A Citibank relationship manager, Shivaraj Puri, has been accused of duping high net worth individuals (HNIs) by selling them fraudulent schemes and diverting the money into accounts belonging to his wife and other relatives. The Gurgaon police on Wednesday launched an investigation into the fraud by the Citibank employee.
Each wealth management service provider has its own definition of an HNI. For most, those with investible assets worth more than $1 million (over Rs 4.5 crore) are HNIs.
The newspaper report said the Citibank employee was able to defraud his clients because many of the relationship managers have the authority to issue third-party cheques on behalf of their clients.
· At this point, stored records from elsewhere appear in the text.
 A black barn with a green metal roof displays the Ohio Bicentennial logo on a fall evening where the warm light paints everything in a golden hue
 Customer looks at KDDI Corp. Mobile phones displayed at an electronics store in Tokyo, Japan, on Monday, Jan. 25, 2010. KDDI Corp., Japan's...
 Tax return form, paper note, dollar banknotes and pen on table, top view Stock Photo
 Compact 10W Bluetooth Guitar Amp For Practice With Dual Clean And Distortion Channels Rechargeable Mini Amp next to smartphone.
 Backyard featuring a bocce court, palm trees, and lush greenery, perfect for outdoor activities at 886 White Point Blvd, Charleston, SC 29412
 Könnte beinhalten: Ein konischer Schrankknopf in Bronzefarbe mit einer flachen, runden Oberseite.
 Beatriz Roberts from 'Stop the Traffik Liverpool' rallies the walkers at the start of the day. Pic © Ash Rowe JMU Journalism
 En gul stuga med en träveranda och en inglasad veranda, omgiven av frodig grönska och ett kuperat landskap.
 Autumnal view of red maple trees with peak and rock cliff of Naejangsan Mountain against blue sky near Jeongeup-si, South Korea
The report citing unnamed wealth management sources said, HNIs give relationship managers power of attorney to operate their accounts. The Citibank scam could have been because of this.
Most wealth management firms have started a two-pronged probe into their HNI accounts, the report said. They are conducting audit of HNI accounts and also probing the background of investment schemes sold by relationship managers to clients.
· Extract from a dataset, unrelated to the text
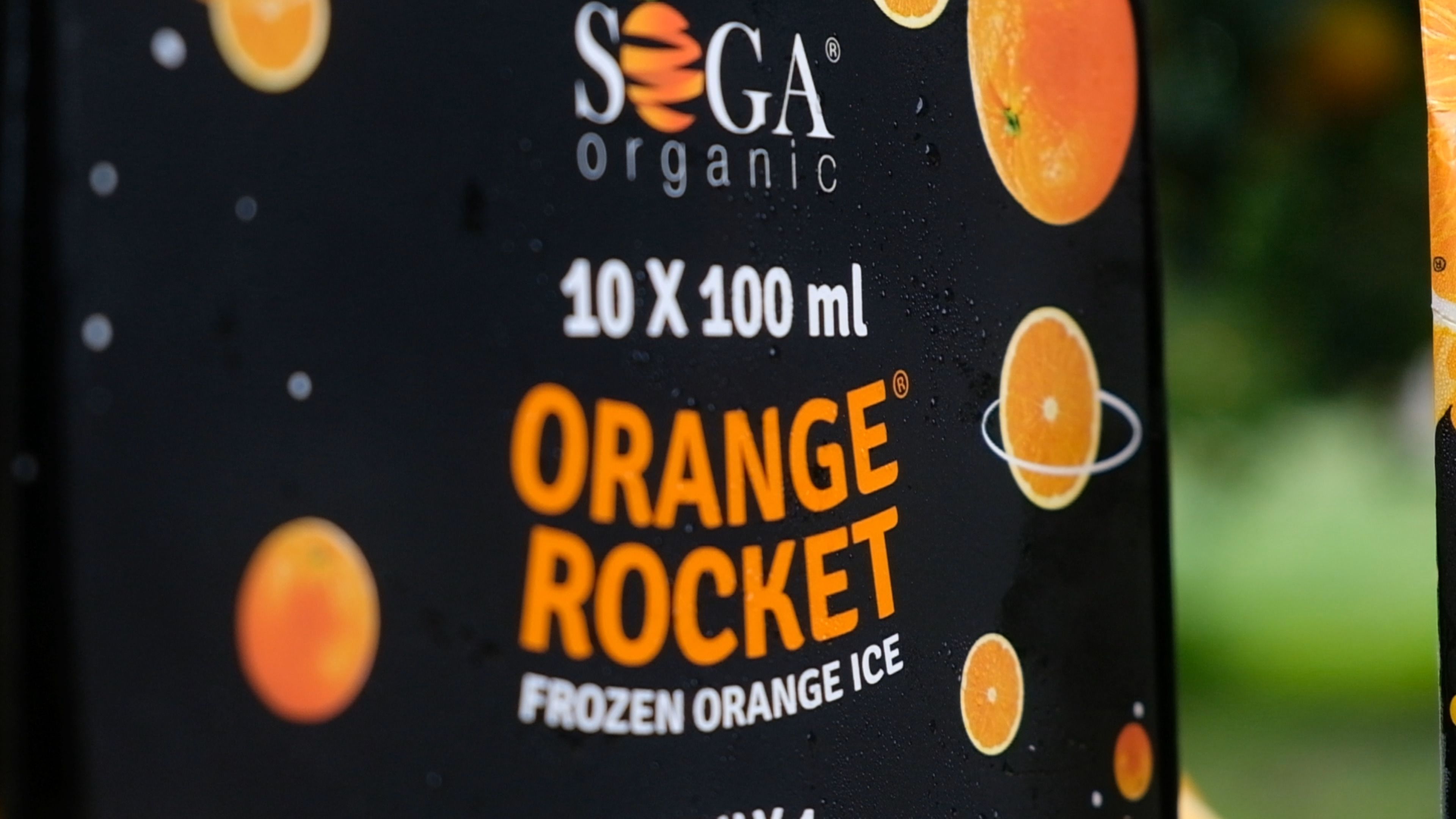 Detail of the Orange Rocket box showing the SOGA Organic logo and 10 x 100 ml label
“There is a health check-up going on in our firm. We have initiated an audit of all the dealings that our relationship managers have with their clients,” The newspaper report said quoting the compliance head of a wealth management firm, who did not want to be identified.
“Investments in schemes, especially of Citi, are being looked into to verify if they have been authenticated by the bank,” said the compliance head.
The modus operandi of Puri was quite simple. Puri asked clients to invest in schemes that were offering more than 20 per cent annual returns. He showed forged documents to prove these schemes were approved by Citibank’s investment product committee and the regulator. After obtaining the client’s approval, there were two possible scenarios. He either got a blank cheque from the client and filled up the receiver’s name. Or, he had the clients issue cheques favouring his wife and relatives.
The money was then transferred from these accounts for investments through a brokerage firm. The report quoting Citibank sources said the money is likely to be recovered because of the trail, but the bank’s main concern is the damage to its reputation.
Many wealth management companies have also started communicating with their clients to tell them their money is in safe hands. The head of a private wealth firm said, “Damage control is what a company or organisation engages in as top priority. The first thing is convincing clients that their money is safe and in responsible hands. Also, banks will need to see if there was a failure of controls (checks and balances) within the set-up.”
Bank clients, including non-resident Indians, have also made inquiries at branches to check if their money was safe. While initial reports suggest that 20 citibank clients could have been duped by Puri, the number could be more, the report said.